Image-caption web data

● ● ●

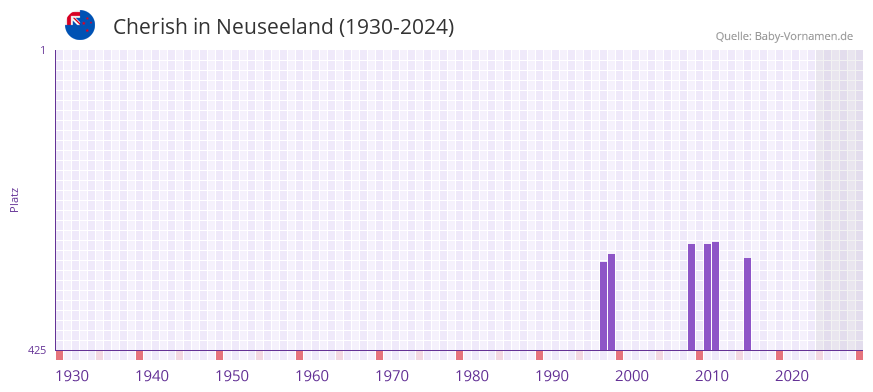 Cherish in der Vornamen-Hitliste von Neuseeland (1930-2024)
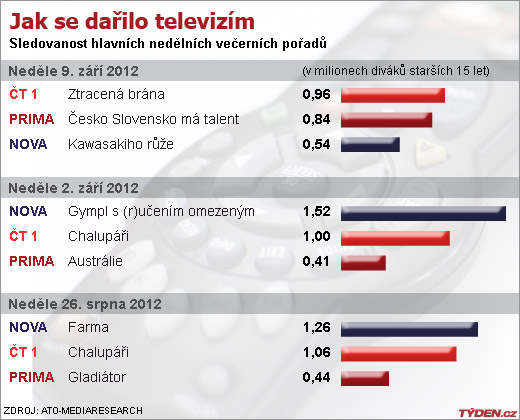 Sledovanost TV v neděli.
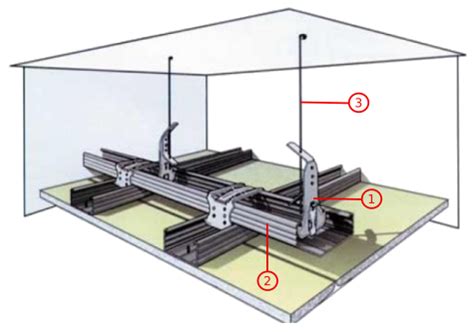 Iliustracija, vaizduojanti skirtingus amortizatorių tvirtinimo būdus: viršutinis strypas, apatinė kilpa, apatinė šakutė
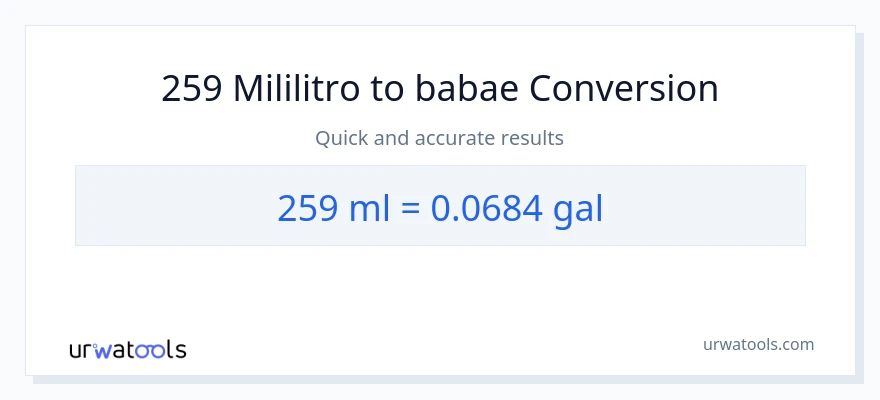 259 mga mililitro patungong Mga galon na conversion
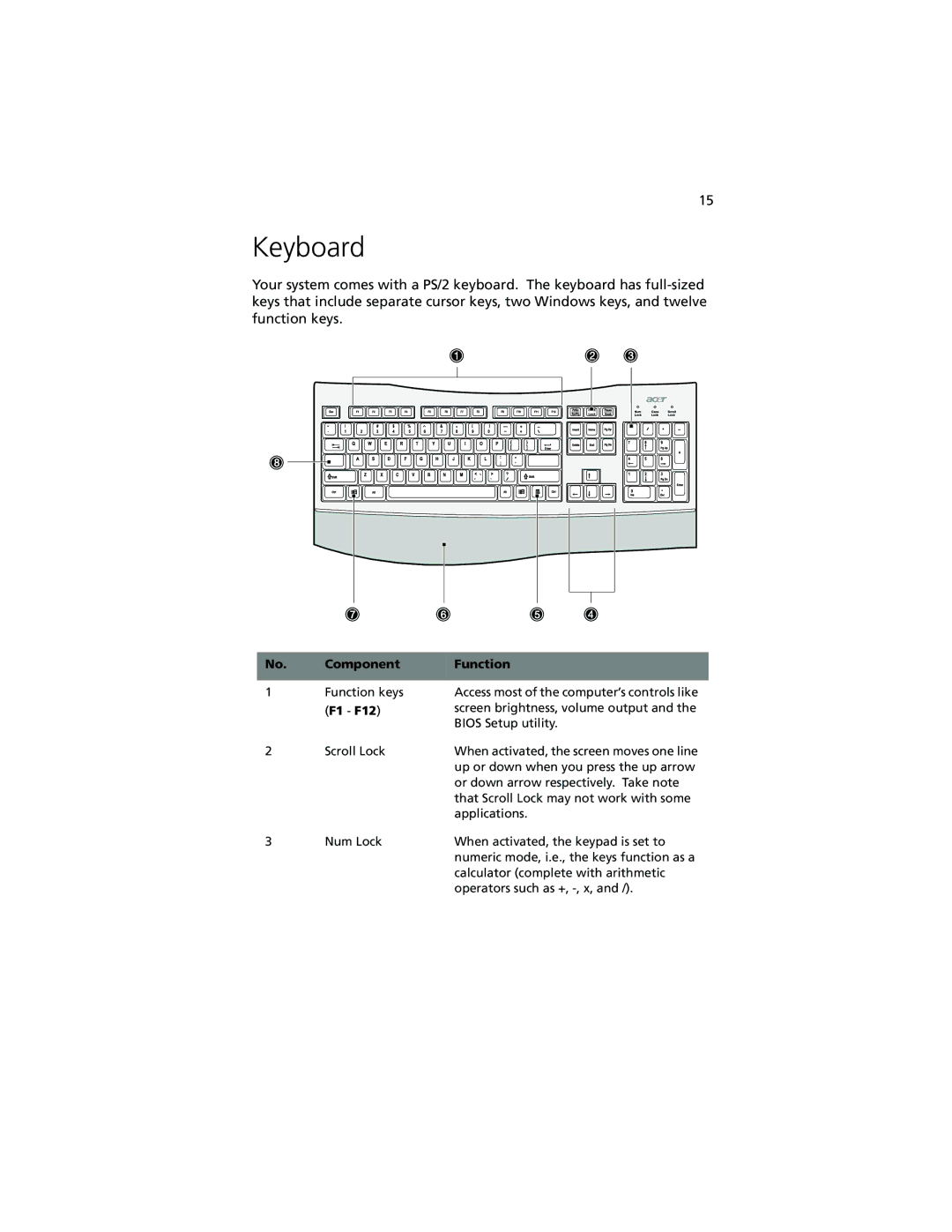 Acer Altos G610 manual Keyboard, Component Function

● ● ●

Going through the records above line by line, transcribe each one exactly and skip any pictures.

▶ [Completed exercise]:
 Cherish in der Vornamen-Hitliste von Neuseeland (1930-2024)
 Sledovanost TV v neděli.
 Iliustracija, vaizduojanti skirtingus amortizatorių tvirtinimo būdus: viršutinis strypas, apatinė kilpa, apatinė šakutė
 259 mga mililitro patungong Mga galon na conversion
 Acer Altos G610 manual Keyboard, Component Function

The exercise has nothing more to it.